Почему бы не усугубить эту небесную механику и не сказать точнее: поэт — это тот, кто считает себя таковым. И до столь же “новой” придури New Age остается маленький и незаметный шажок.
Тот же журнал в рубрике, посвященной Пригову, публикует заметку Вадима ЗАХАРОВА “Думая о настоящем”, очевидно, в рамках складывающегося агиографического корпуса:
Дмитрий Александрович обладал острым и быстрым умом, в связи с чем у многих, кому и до сих пор знакомо только этo свойство его личности, создалось абсолютно ложное мнение о нем как о рациональном, холодном и амбициозном человеке, готовом ради славы на многое (обычно сразу приводился пример — кричать кикиморой). Пусть кто-то со мной и не согласится, но я утверждаю, что Пригов обладал колоссальным гуманистическим и духовным потенциалом. Он был настоящим, а не театральным интеллигентом (в русском понимании этого слова). Его мнение по любому вопросу было интересным, взвешенным и всегда глубоким. И в отличие от многих его оппонентов, Дмитрий Александрович не позволял себе публичных негативных или гневных высказываний о ком-либо. Мне радостно думать, что я был и буду его соврeменником, когда время замирает в настоящем, не требуя ничего взамен.
В “Обозрении” же, в статье Дмитрия ГОЛЫНКО-ВОЛЬФСОНА “Читая Пригова: неоднозначное и неочевидное”, автор ставит Пригова в известный, предложенный Бадью, ряд “Малларме, Рембо, Тракл, Пессоа, Мандельштам, Целан”, и сообщает нам следующую “эврику”:
Начиная с 1989 года в ряде своих работ, и в частности в “Манифесте философии”, Ален Бадью предлагает говорить о “веке поэтов”, продлившемся примерно целое столетие, с 1860 по 1960-й. Он ознаменован именами Малларме, Рембо, Тракля, Пессоа, Мандельштама и Целана; поэзия в этом веке становится той сферой, где субъективность пишущего уступает место динамичному самораскрытию мысли: “…век поэтов дает о себе знать во внутрипоэтическом внедрении максим мысли, узловых моментов поэмы, в которых мысль (коей будет поэма) указывает на самое себя как на отношение или ход мысли “вообще”[48]. Поэзия Пригова, на мой взгляд, свидетельствует, что “век поэтов” не завершился, что он еще в расцвете и силе и сам Пригов — его ярчайший представитель, осмелившийся и позволивший себе диалектически мыслить идеологию в ту эпоху, когда идеология умело ускользает от критики или требует безобидно шутить или беззубо издеваться над собой.

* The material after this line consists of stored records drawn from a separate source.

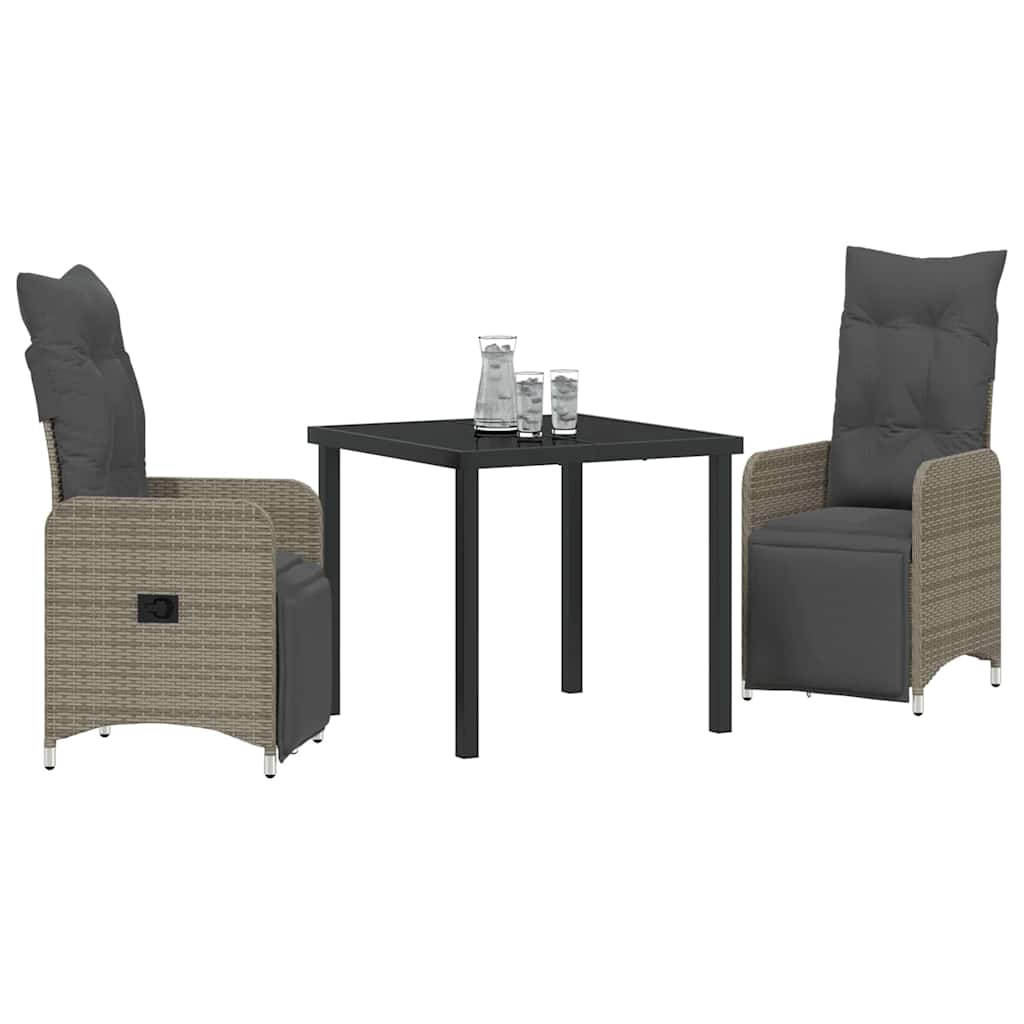 Have Spisebordssæt 3 stk. Grå polyrattan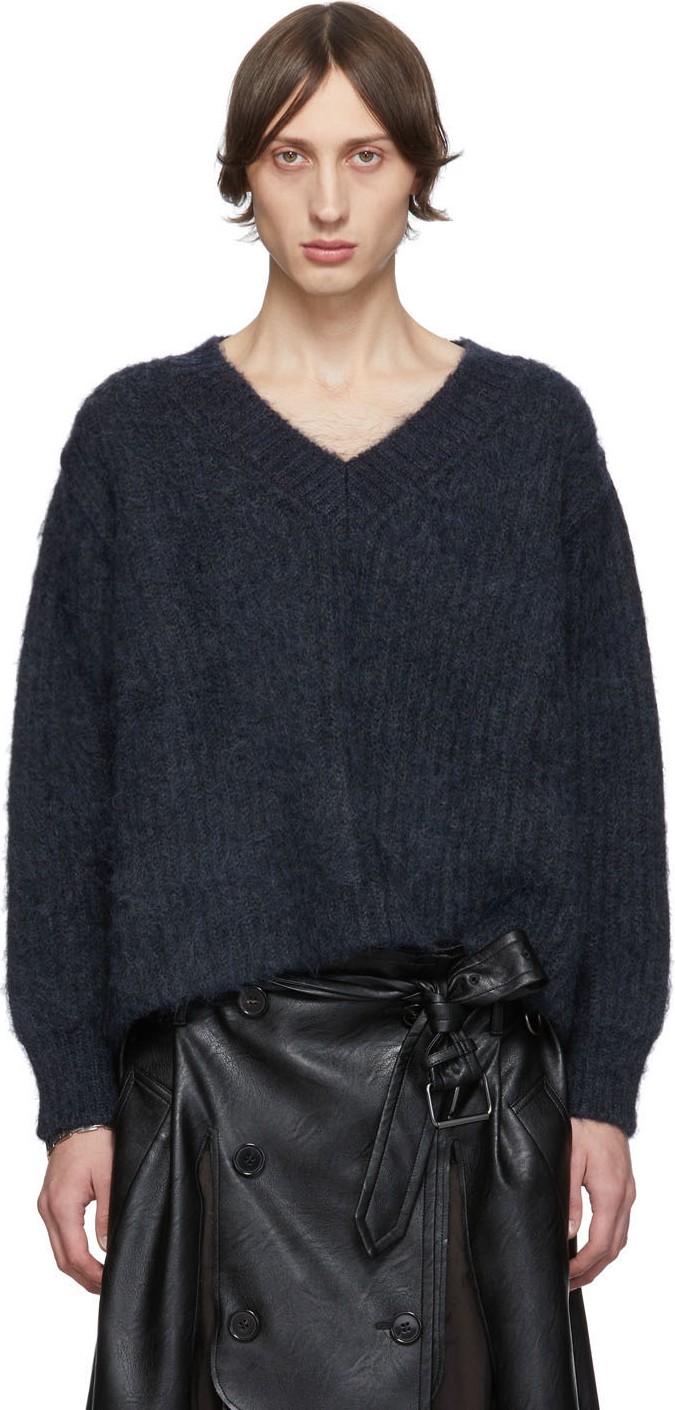 Maison Margiela Navy Gauge 3 Sweater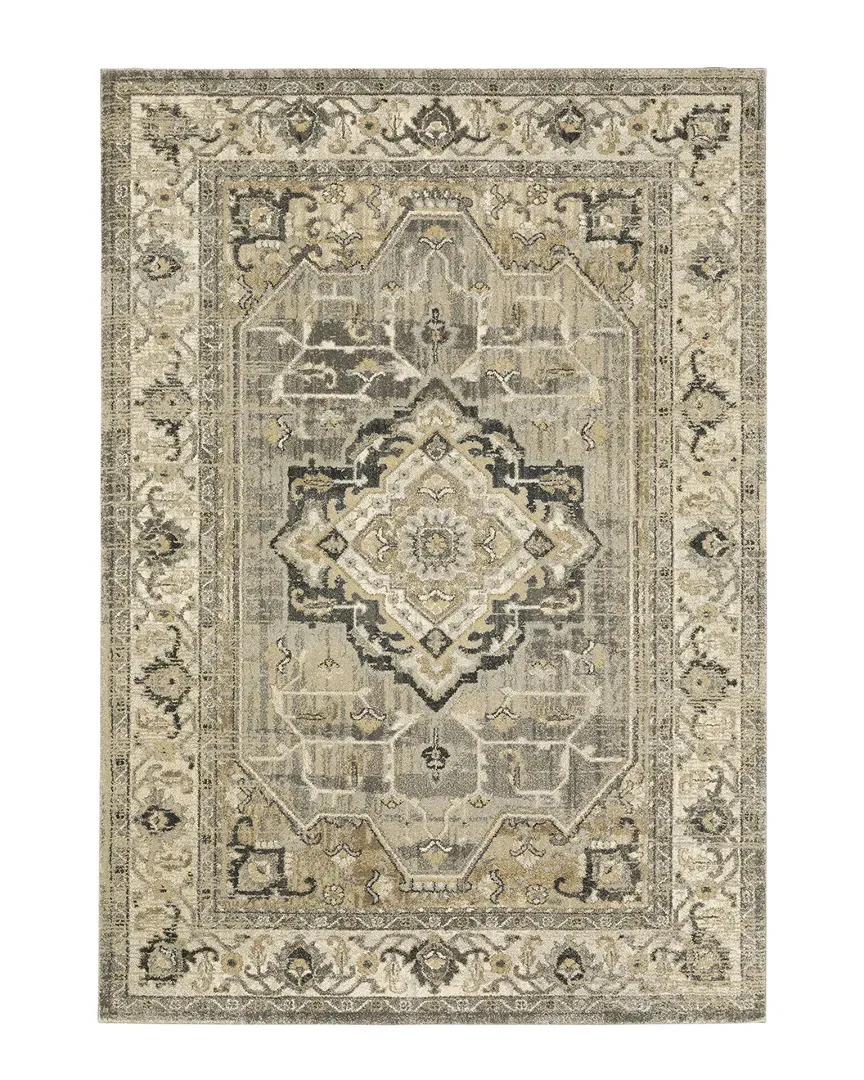 Fairlawn Faded Medallion Rug - Grey, Polypropylene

Разумеется, следуя тому же Пригову, автор уверен, что разница между виртуальностью и реальностью, между желанием и реальностью в наш век пропала, и все скатилось к чистой метонимии, и, верно, именно это позволяет ему с такой легкостью мешать системы, концепты и вообще делать все что угодно. Ален Бадью, полагаю, прекрасно знает, что такое идеология, а также по каким причинам ее нельзя “мыслить”. В поэзии века поэтов мыслилось само мышление, “бытие и время”, а уж никак не идеология. На связь с Хайдеггером ситуации “века поэтов” Бадью неоднократно указывает сам. “Диалектически мыслить идеологию” — набор слов, достойный Введенского или Хармса. Или самого Пригова. В вышеозначенном ряду Пригов, конечно, выглядит понарядней, но зачем передергивать? Хочется вписать Пригова в один из швов? Ну, подшейте к марксизму, или к теории множеств… Не один ли хрен…
Здесь же, в НЛО, священник из Минусинска Сергей КРУГЛОВ со стихотворениями 2006-2007 гг. — и с парой кранаховских бесов — многословия и проповедничества — за плечами. Только появится что приличное в русском верлибре — пожалуйте, падшие духи, на дармовщинку. Едва усядется вития сочинить вещь краткую да блестящую — глядишь, уже подползают, уже одолевают эти полуденные бесы, как их Евагрий живописал, наших поэтов. И на тебе — россиада на толстый том, с перлами “стилет — уста раны, раскрывающейся навстречу / Всхлипом крови” или “Продавлен вязью лист, / И плоскость будней гипсовую, слепок / С лица новорожденного, / Гель Гелиоса заполняет всклень!”. Впрочем, ветер Екклесиаста дует, судя по всему, из “Центра циклона” и “Костромы mon amour”:
Домашние животные
На зеленом холме уснул я
И проснулся, плача во сне:
Мне привиделись двое добрых,
Двое светлых приснились мне.
Мне снилась моя далекая младость,
И с двоими я шел домой,
А один любил утраченный кров,
Хозяина крова — другой.
Я златые, сполна, им нарек имена,
От словесных вин опьянев,
И пускай тень пса — это волк,
Зато свет кота — это лев!
На зеленом холме уснул я,
А проснулся — на голой земле:
Нет ни пса, ни кота, только я, сирота!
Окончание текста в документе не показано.